--- START ---
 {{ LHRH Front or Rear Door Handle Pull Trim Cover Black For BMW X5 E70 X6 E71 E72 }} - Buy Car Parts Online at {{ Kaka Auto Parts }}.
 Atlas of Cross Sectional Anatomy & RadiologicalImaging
--- END ---
--- START ---
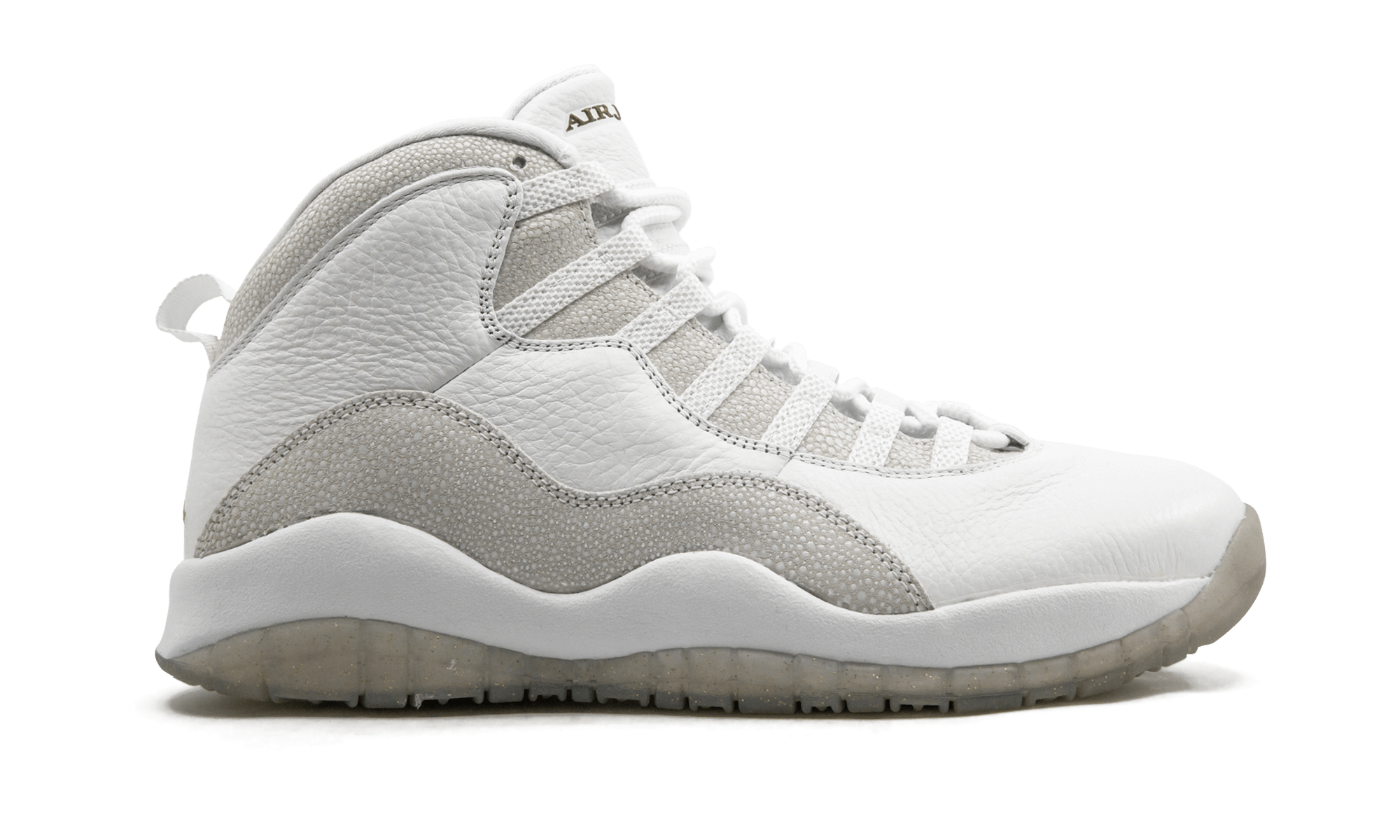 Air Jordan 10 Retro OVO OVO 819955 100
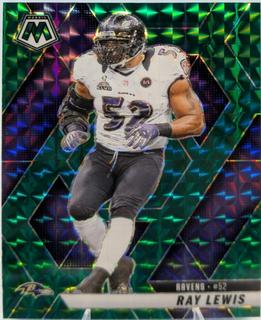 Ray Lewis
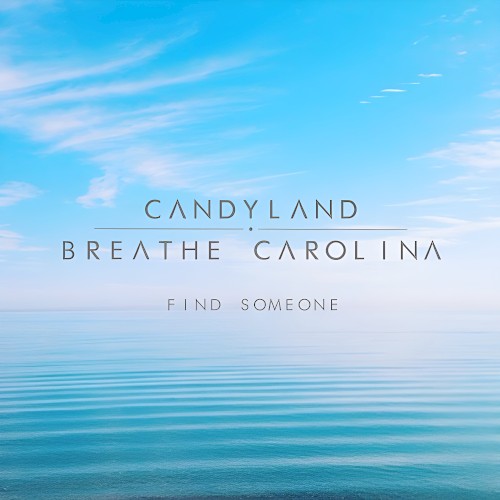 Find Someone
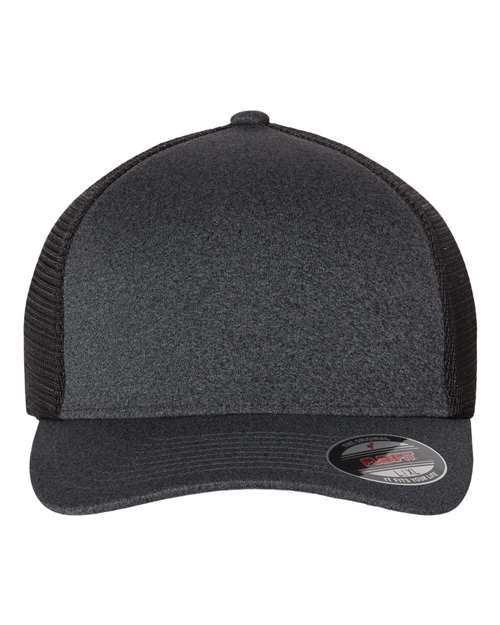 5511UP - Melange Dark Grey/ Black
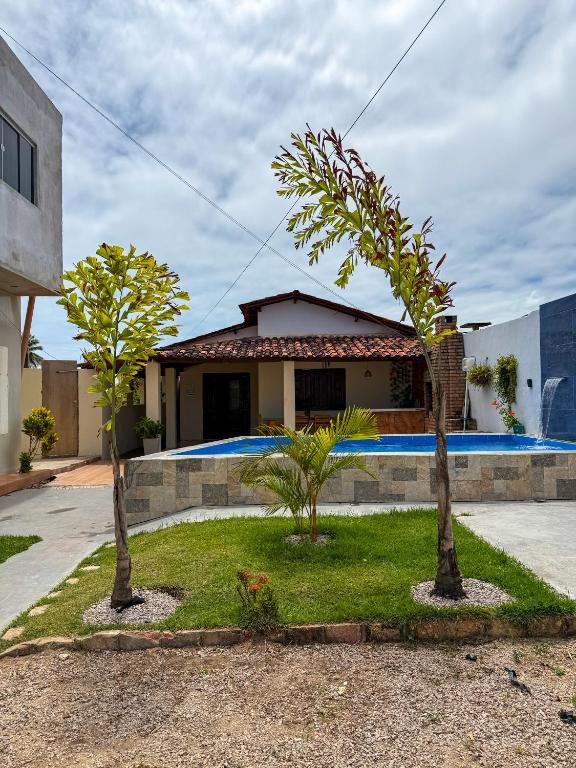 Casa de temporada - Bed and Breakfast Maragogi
--- END ---
What the exercise asks: Output the material above exactly, but only from the line that carries "LHRH Front or" through the line that carries "Atlas of Cross".

Problem solution:
 {{ LHRH Front or Rear Door Handle Pull Trim Cover Black For BMW X5 E70 X6 E71 E72 }} - Buy Car Parts Online at {{ Kaka Auto Parts }}.
 Atlas of Cross Sectional Anatomy & RadiologicalImaging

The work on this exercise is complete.